### Dataset content
+-------+
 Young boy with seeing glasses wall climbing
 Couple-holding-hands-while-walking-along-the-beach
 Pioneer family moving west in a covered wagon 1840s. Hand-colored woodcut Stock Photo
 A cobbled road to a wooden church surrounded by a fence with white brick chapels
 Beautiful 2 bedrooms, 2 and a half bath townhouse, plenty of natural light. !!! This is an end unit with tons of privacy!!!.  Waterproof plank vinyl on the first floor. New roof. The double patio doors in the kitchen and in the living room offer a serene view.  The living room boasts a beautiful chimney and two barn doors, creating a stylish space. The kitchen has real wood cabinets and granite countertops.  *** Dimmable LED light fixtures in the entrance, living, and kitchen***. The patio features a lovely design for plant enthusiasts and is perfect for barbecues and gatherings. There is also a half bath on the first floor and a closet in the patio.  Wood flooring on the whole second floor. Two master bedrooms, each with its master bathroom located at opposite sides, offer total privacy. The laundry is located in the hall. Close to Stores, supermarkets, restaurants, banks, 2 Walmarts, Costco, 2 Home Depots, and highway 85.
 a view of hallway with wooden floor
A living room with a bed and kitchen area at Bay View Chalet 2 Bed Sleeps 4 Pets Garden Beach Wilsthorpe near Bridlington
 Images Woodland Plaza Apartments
+-------+
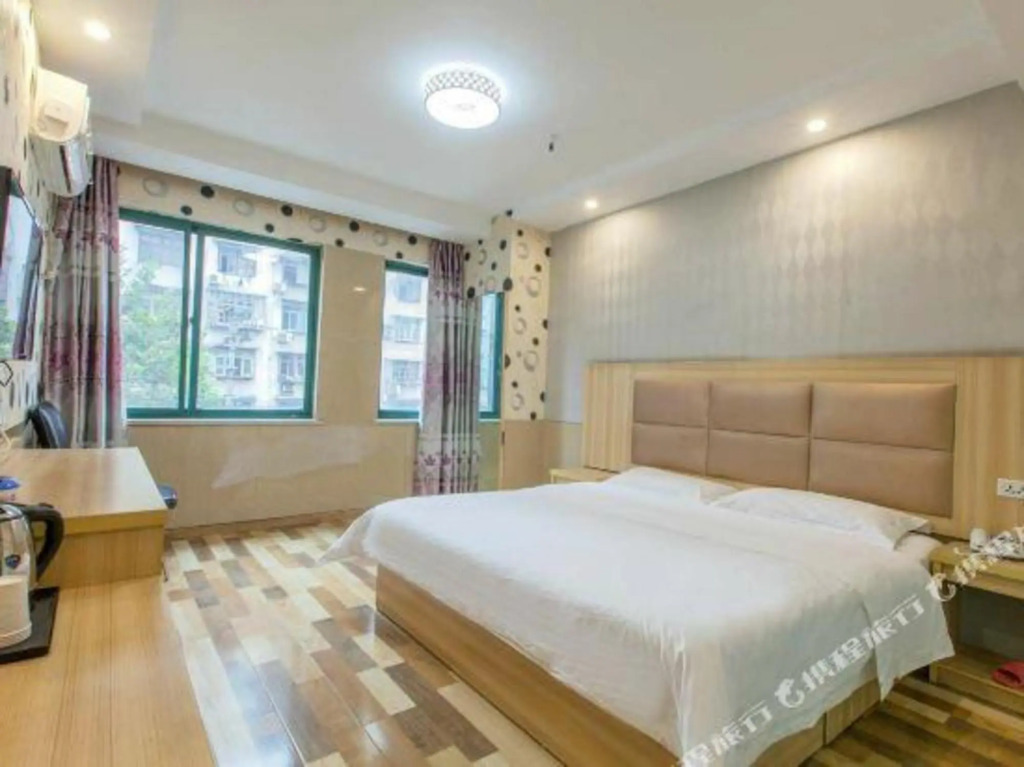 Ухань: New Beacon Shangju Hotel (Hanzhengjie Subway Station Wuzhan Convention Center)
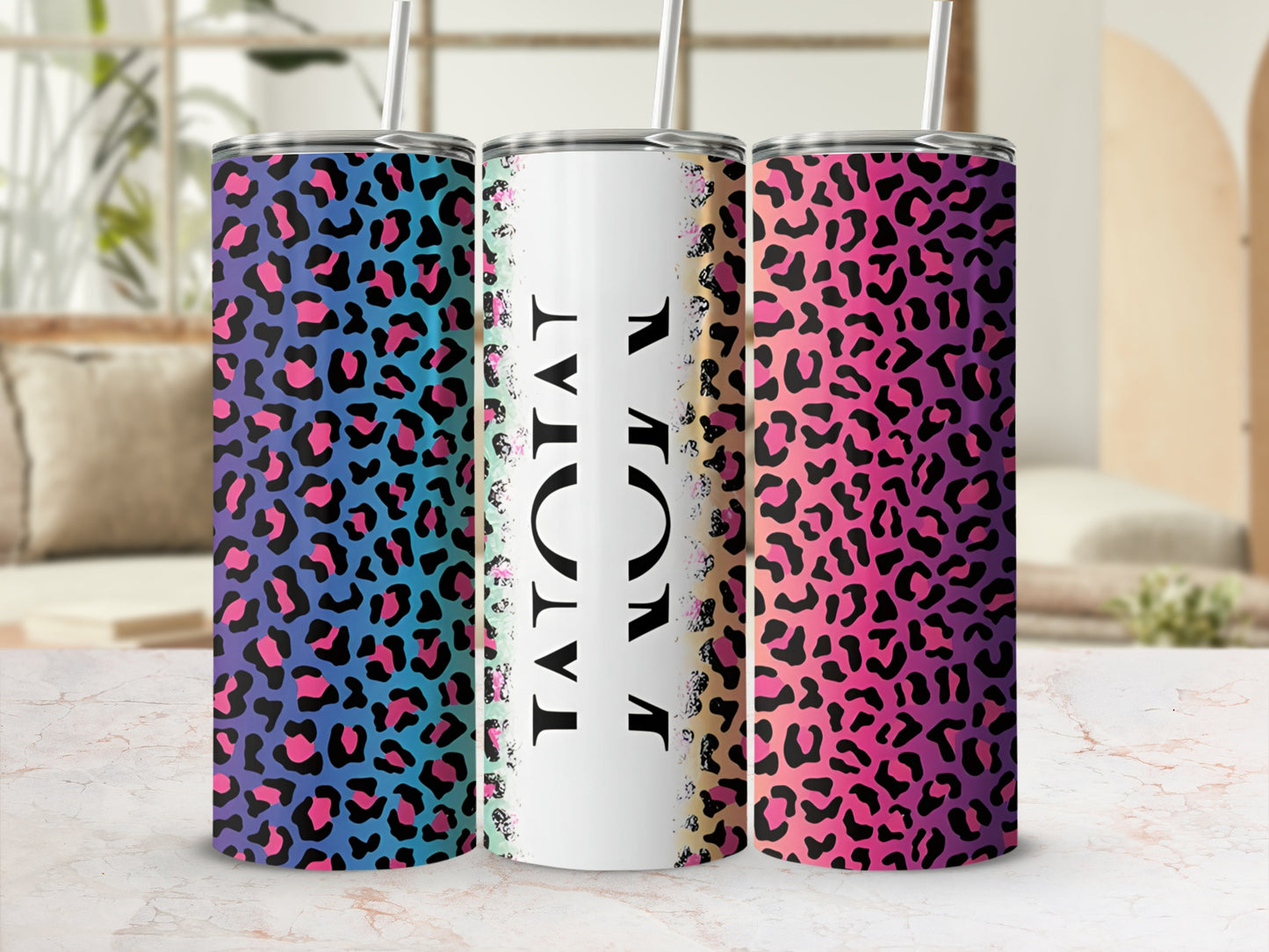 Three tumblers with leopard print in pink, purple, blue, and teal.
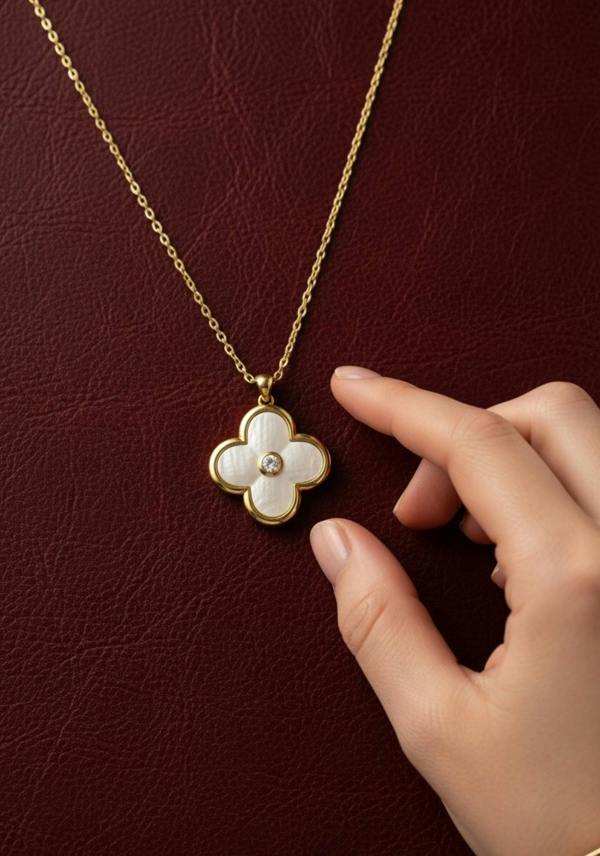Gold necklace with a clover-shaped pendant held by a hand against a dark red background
+-------+
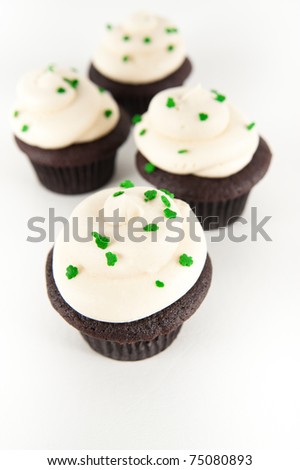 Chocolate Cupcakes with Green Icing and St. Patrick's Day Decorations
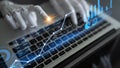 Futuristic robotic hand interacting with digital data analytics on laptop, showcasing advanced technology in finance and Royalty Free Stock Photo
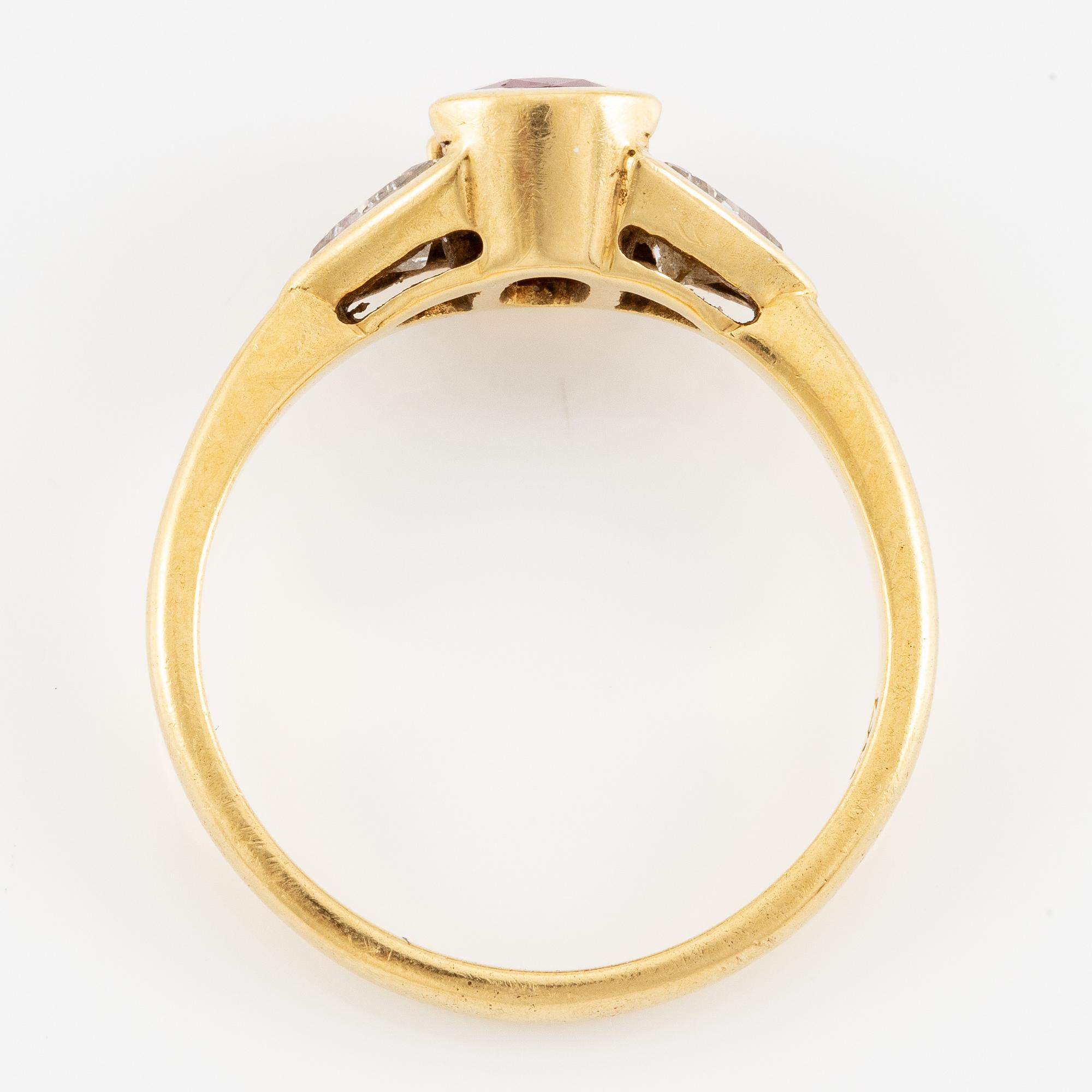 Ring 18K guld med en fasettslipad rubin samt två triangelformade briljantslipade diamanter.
+-------+
### Instructions to follow
When you reach the line with "Ухань: New Beacon" in the records above, start writing out each line exactly, and stop after the line with "Gold necklace with". Pictures stay out.

### Solution to the exercise
 Ухань: New Beacon Shangju Hotel (Hanzhengjie Subway Station Wuzhan Convention Center)
 Three tumblers with leopard print in pink, purple, blue, and teal.
Gold necklace with a clover-shaped pendant held by a hand against a dark red background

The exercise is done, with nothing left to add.